Copy out the data from the line containing "ITALY GOLD OVER" to its last line, exactly. No pictures.

## Data block
===============
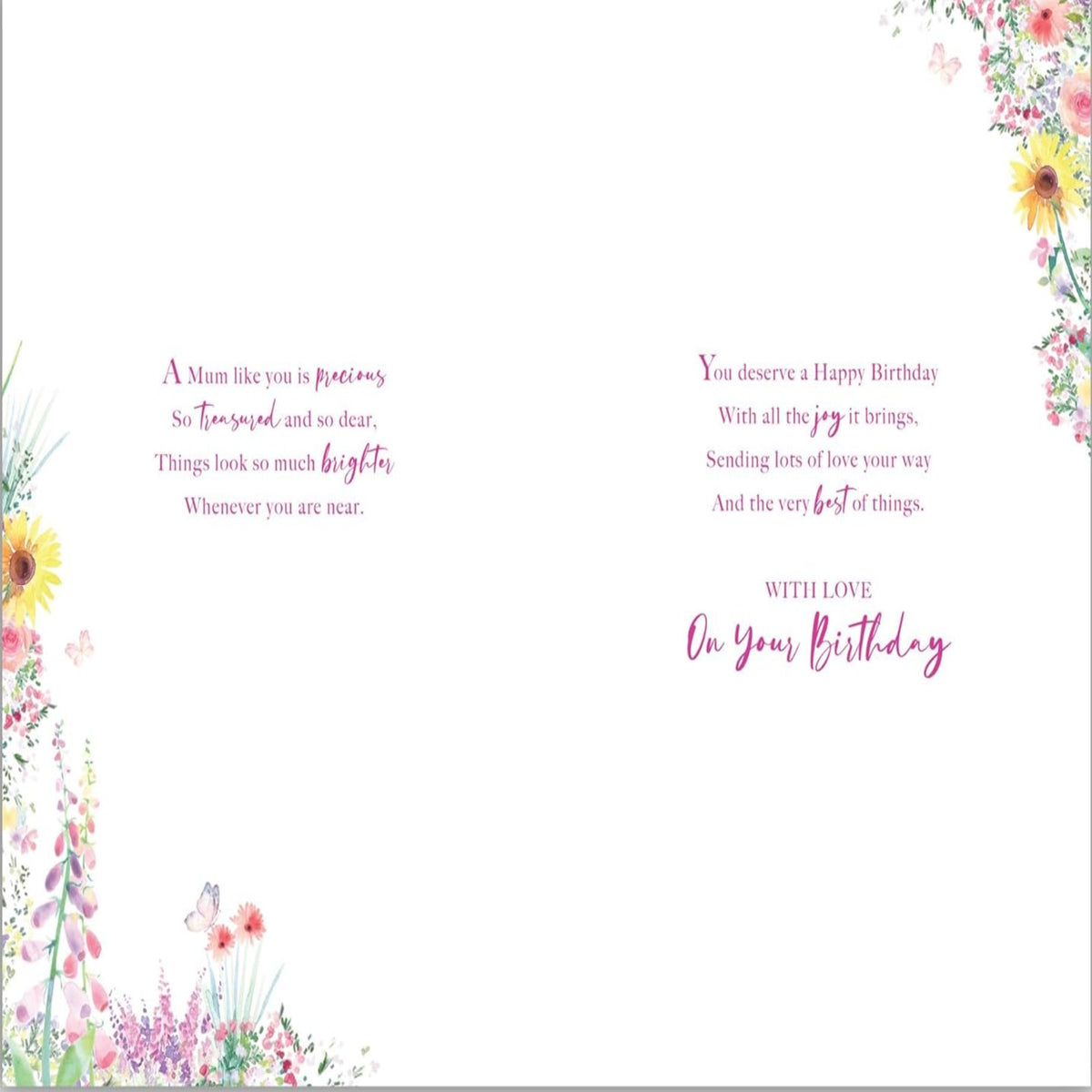 Paper Rose Lovely Mum Birthday Card | Eco-Friendly Foil Floral Greeting Card    -    225 x 150mm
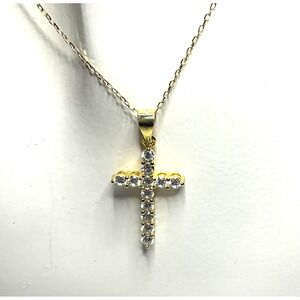 ITALY GOLD OVER 925 STERLING SILVER RHINESTONE CROSS 18" NECKLACE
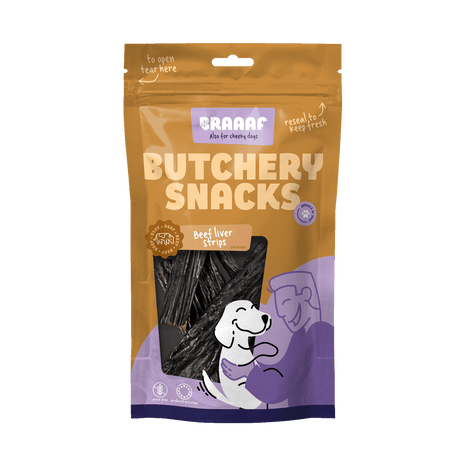 Braaaf Butchery Snacks Runderlever reepjes 150 g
===============
## Solution to this task
 ITALY GOLD OVER 925 STERLING SILVER RHINESTONE CROSS 18" NECKLACE
 Braaaf Butchery Snacks Runderlever reepjes 150 g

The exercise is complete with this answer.